The street corner where Neo and Smith fight in the crater is the same corner from which Neo made his phone call at the end of The Matrix (1999) - the corner of Pitt, Hunter, and O'Connell Streets in Sydney, Australia. You can see the phone booth to the right when they hit the ground.
Many of the "raindrops" in the final fight between Neo and Smith are actually single lines of Matrix code, similar to those on displays seen in the "real world" throughout the trilogy. This subtle effect was added to imply the Matrix was beginning to destabilize. This visual trick was easily seen on IMAX and larger movie theaters, but can be seen on smaller televisions as banded rain that seems to "jump" like static during close-ups of the fight scenes.
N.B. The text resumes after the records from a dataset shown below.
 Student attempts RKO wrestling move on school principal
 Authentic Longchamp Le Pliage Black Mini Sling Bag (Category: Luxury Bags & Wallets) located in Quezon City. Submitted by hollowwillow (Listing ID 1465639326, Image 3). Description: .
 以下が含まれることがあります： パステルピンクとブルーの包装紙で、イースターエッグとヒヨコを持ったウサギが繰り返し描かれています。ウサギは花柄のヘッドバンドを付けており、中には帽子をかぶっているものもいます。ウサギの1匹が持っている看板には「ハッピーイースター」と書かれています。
In an unprecendented simultaneous global release, this film opened at exactly the same moment in every major city in the world on November 5: 6 a.m. in Los Angeles, 9 a.m. in New York City, 2 p.m. in London, 5 p.m. in Moscow, 11 p.m. in Tokyo, November 6 at 1 a.m. in Sydney, and at corresponding times in over fifty additional countries worldwide.
During the scene at the club, The Merovingian is wearing his tie in a fashion that is actually called Merovingian tie-knot.
Only one full-size APU was ever built. It was completely rendered in Auto-CAD, and parts were made detachable, so that for scenes involving different pilots and APUs, the detail work could be altered. The full model weighed around two tons.